● **The data**
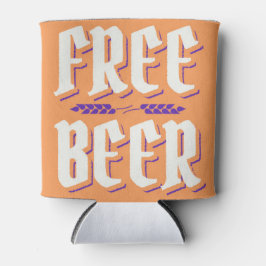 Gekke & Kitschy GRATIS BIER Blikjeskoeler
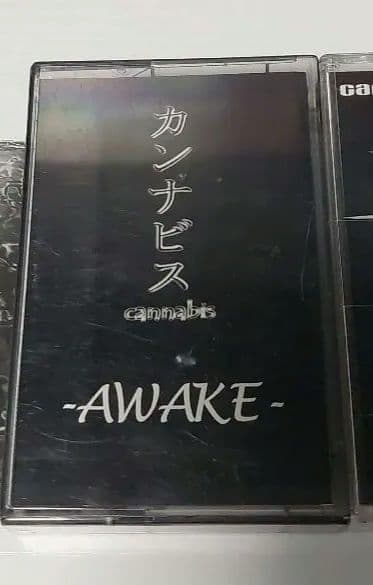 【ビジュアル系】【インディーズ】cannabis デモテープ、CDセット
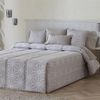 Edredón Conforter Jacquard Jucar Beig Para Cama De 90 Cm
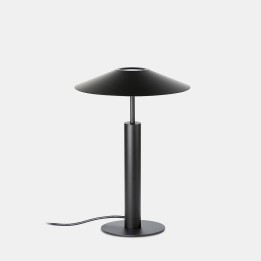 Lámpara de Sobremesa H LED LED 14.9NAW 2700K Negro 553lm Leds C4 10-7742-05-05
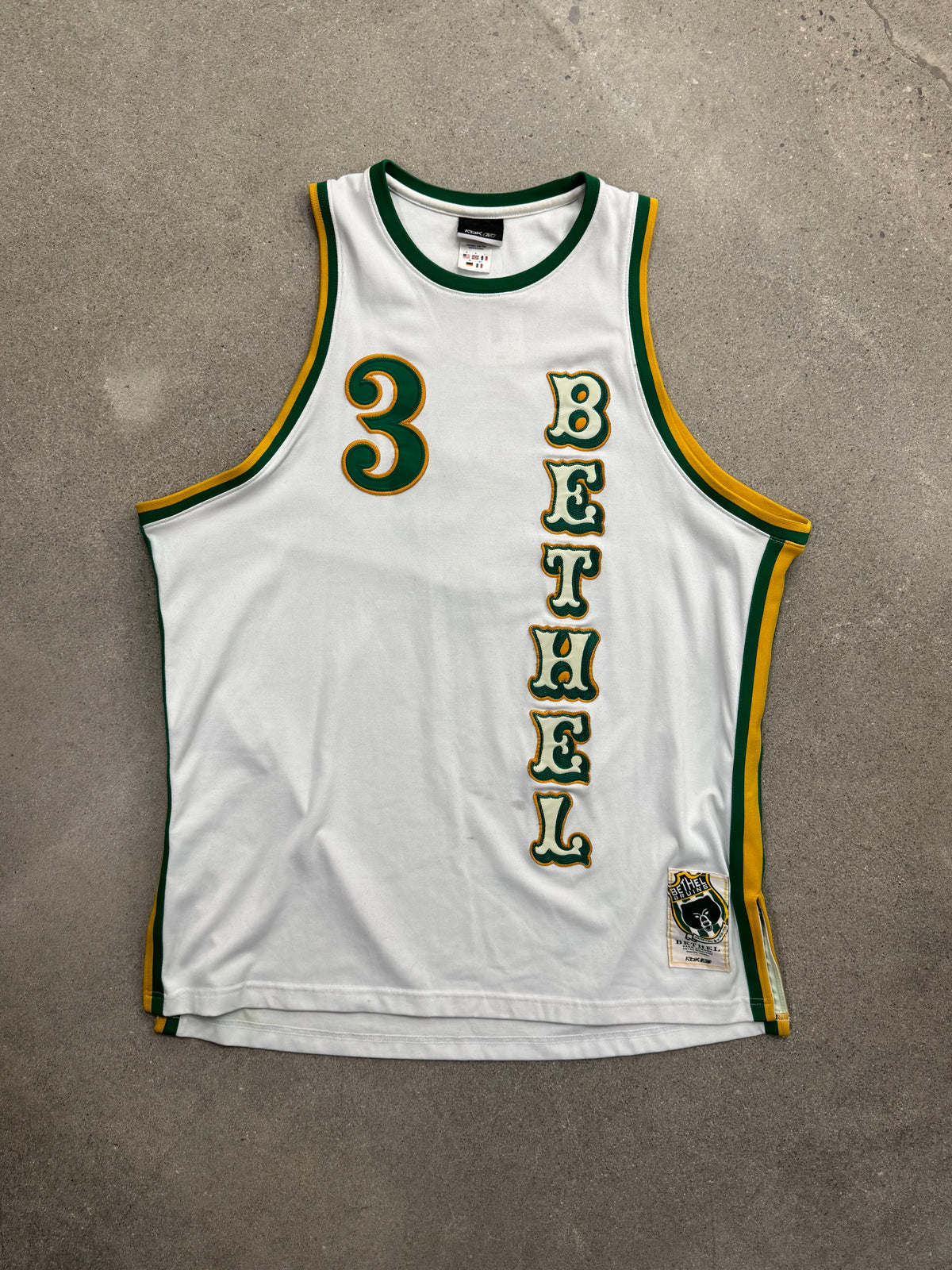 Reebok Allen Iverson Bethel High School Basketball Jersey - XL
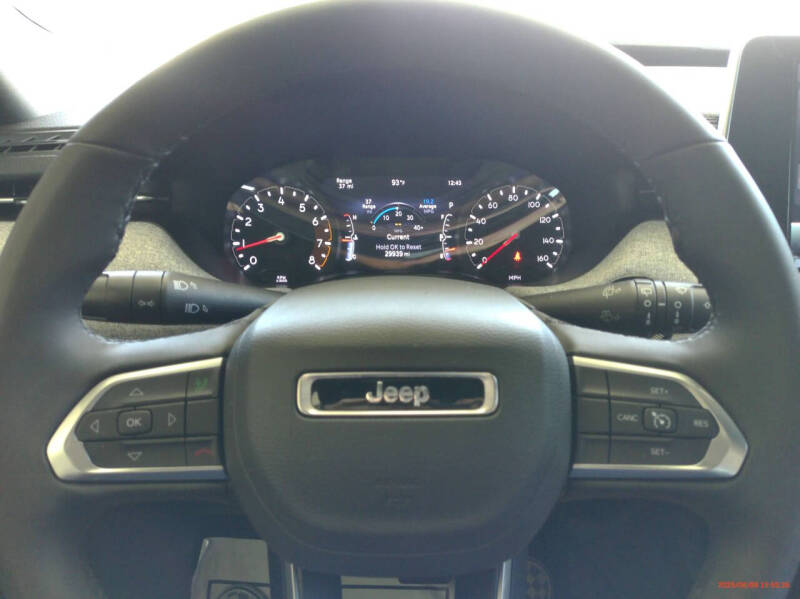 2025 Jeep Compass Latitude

==

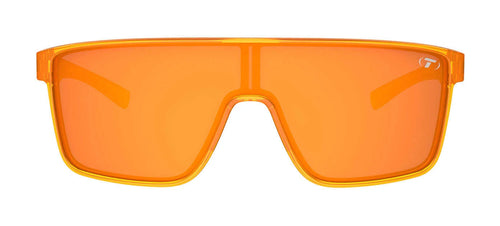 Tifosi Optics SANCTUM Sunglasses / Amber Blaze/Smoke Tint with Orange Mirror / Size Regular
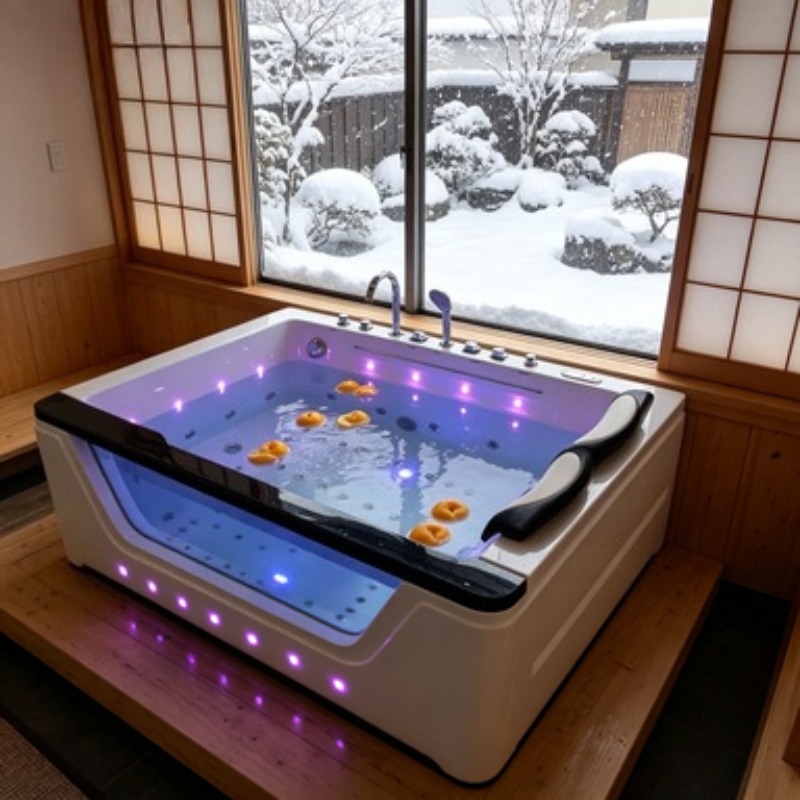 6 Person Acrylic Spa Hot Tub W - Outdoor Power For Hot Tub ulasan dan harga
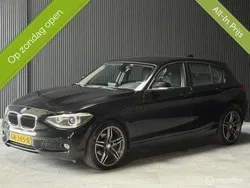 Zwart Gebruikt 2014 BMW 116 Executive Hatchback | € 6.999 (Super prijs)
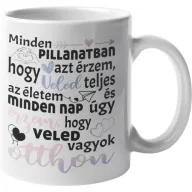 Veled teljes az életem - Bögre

==

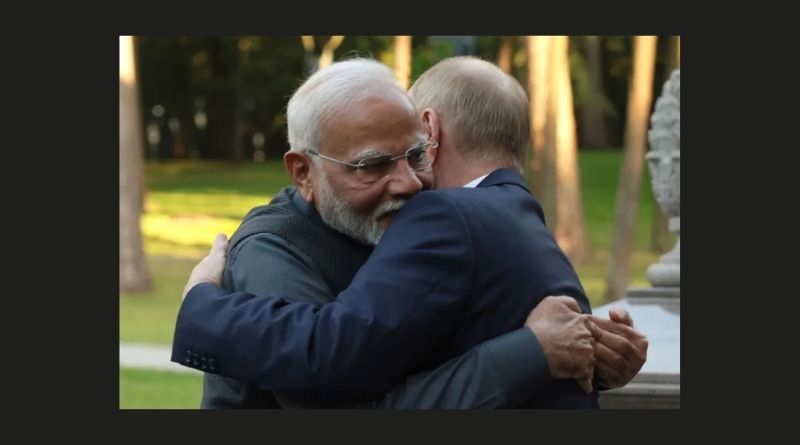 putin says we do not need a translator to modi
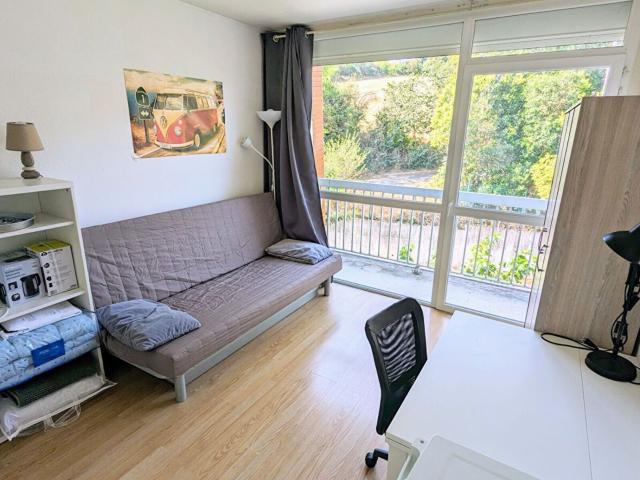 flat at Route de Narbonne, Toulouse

● **Your goal**
Output only the lines above from the line that holds "6 Person Acrylic" through the line that holds "Veled teljes az életem - Bögre", both ends included, and exclude pictures.

● **Exercise result**
 6 Person Acrylic Spa Hot Tub W - Outdoor Power For Hot Tub ulasan dan harga
 Zwart Gebruikt 2014 BMW 116 Executive Hatchback | € 6.999 (Super prijs)
 Veled teljes az életem - Bögre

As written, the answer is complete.